Chanaka was as much a Tory as he was a Whig and right up to the end.  He defined himself very much in terms of British politics, the Westminster tradition of parliamentary democracy and constitutional monarchy.  A monarchist through and through, and at the same time, a passionate individualist, he deeply abhorred totalitarianism of any form but was perfectly willing to forgive and even condone the excesses of a Haile Selassie or the Shah of Iran at the same time as he would be scathing in his denunciation of a Stalin, Mao, Castro or Pol Pot.  His near religious commitment to individual liberty led him to champion the virtues of the Premadasa regime, the Thatcher government and the Reagan administration.  He loathed the LTTE, JVP and the soviets; had nothing but contempt for the Labour Party of Foot, Benn and Kinnock.  A great proponent of proportional representation, he veered towards the Social Democrats in British politics, largely I suspect because they had left the Labour Party and because of his great admiration and respect for Roy Jenkins.

In the Sri Lankan context, the politician he truly admired was Dudley Senanayake and the one he was fondest of was Anura Bandaranaike.  They were in his book, true democrats, unfettered by unfettered ambition or greed for power, gentleman who would reform the status quo if it needed to be reformed.   They like he, knew of a world outside of this island and they like he, would never be given to a shrieking nationalism.  They did not have to.  They were born to rule, but never harshly.

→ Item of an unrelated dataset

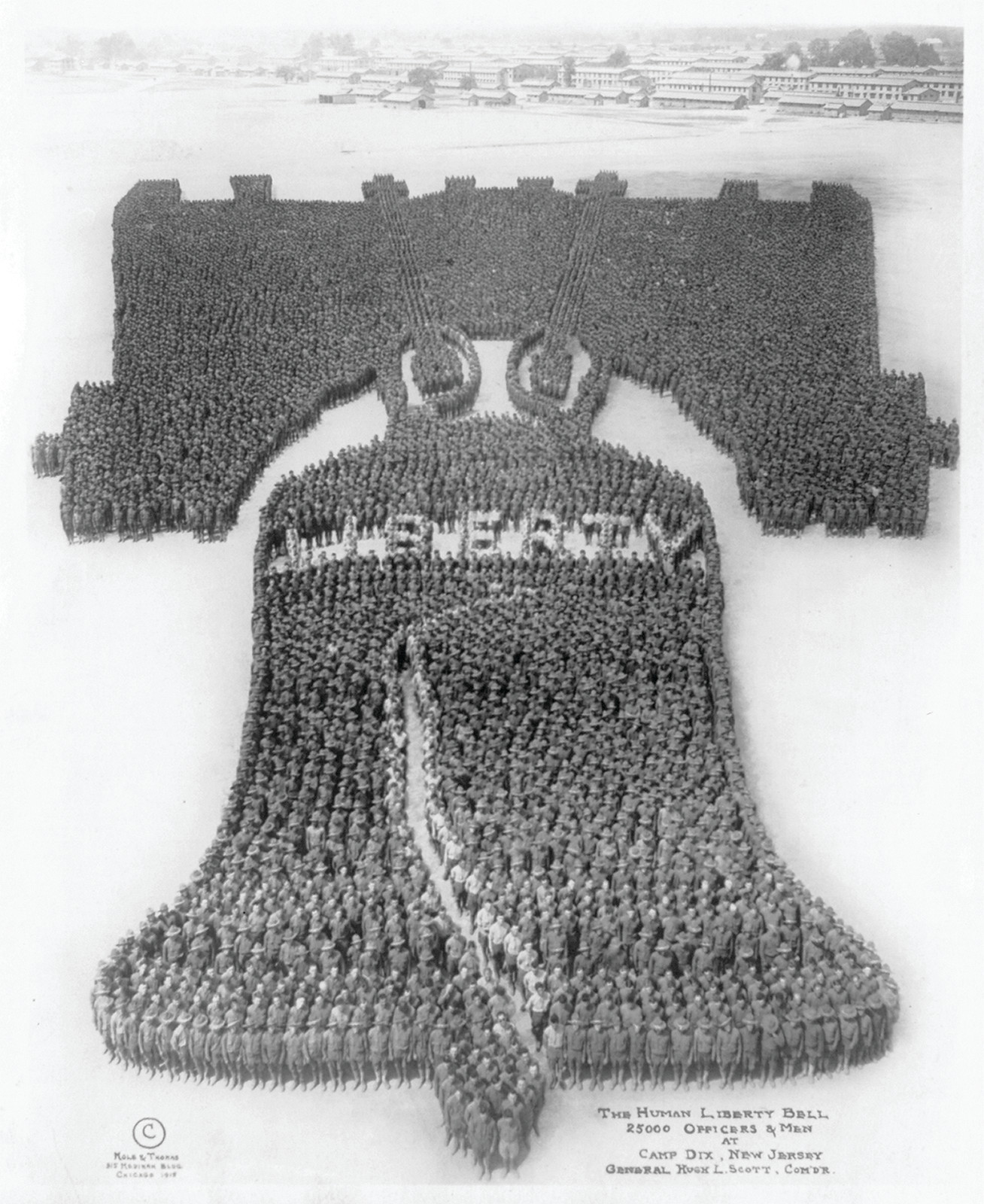 The Human Liberty Bell; 25,000 Officers And Men At Camp Dix, New Jersey; General Hugh L. Scott, comdr, c. 1918 — historic photograph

In the Sri Lankan context Chanaka was a staunch federalist and determined opponent of the executive presidency.  He wanted to see the German electoral system adopted here and a second chamber.  He was ambivalent on the North-East merger and convinced that the LTTE had to be defeated.  Implicit faith in the Rule of Law and constitutionalism, he wanted a strong bill of rights, although the practical defence of human rights and association with the vulnerable and victimized did not come naturally to him or arouse great passion within him.  His consuming interest was in the architecture of a liberal democracy; not in the citizen.  As for the economy, it was a subject that he was least interested in except for absolute devotion to capitalism.

It is tempting to think as to where he would have stood in these times of the chinthanaya, allegations of war crimes, the culture of impunity, majoritarianism and amidst all of this new opportunities and political firmament.  For my part, when I think of Chanaka and the liberal idea he so loved, the words from Tennyson’s Ulysees that I quoted at his funeral always come to mind:

We are not now that strength which in old days
Moved earth and heaven; that which we are,
we are;
One equal temper of heroic hearts,
Made weak by time and fate, but strong in will
To strive, to seek, to find, and not to yield.

###

The 19th of April was the 52nd birthday of Dr. Chanaka Amaratunga, the founder of the Liberal Party of Sri Lanka. Groundviews invited leading political commentators to contribute to a special edition commemorating Chanaka’s role in politics and the liberal movement in Sri Lanka.